- EXERCISE PROMPT: Write out the listing from the line with "COOFANDY Short Sleeve" to the line with "Hvid Villeroy &", both lines included, exactly and nothing beyond. Leave pictures out.

- DATA SHOWN:
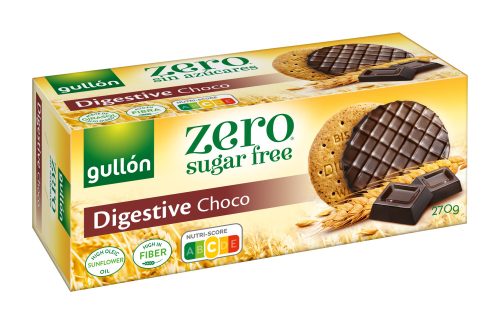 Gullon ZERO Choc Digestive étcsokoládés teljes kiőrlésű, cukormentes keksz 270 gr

* * *

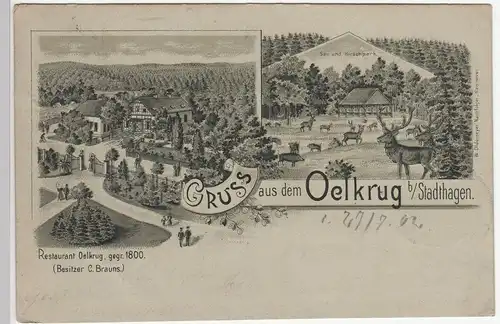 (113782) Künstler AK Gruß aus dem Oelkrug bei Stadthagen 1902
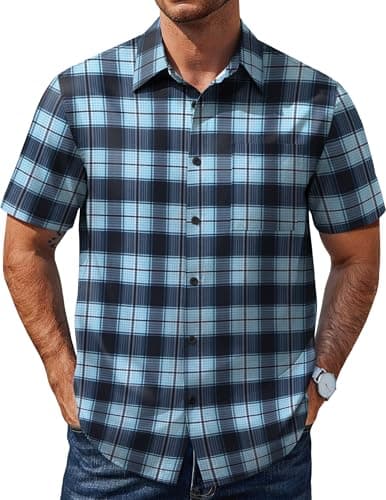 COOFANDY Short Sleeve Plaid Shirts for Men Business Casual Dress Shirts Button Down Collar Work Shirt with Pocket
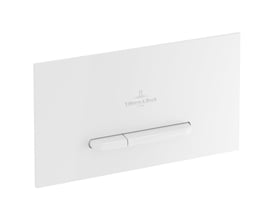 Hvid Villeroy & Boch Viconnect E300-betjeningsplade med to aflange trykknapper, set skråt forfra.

- RESULT FOR THIS TASK:
 COOFANDY Short Sleeve Plaid Shirts for Men Business Casual Dress Shirts Button Down Collar Work Shirt with Pocket
 Hvid Villeroy & Boch Viconnect E300-betjeningsplade med to aflange trykknapper, set skråt forfra.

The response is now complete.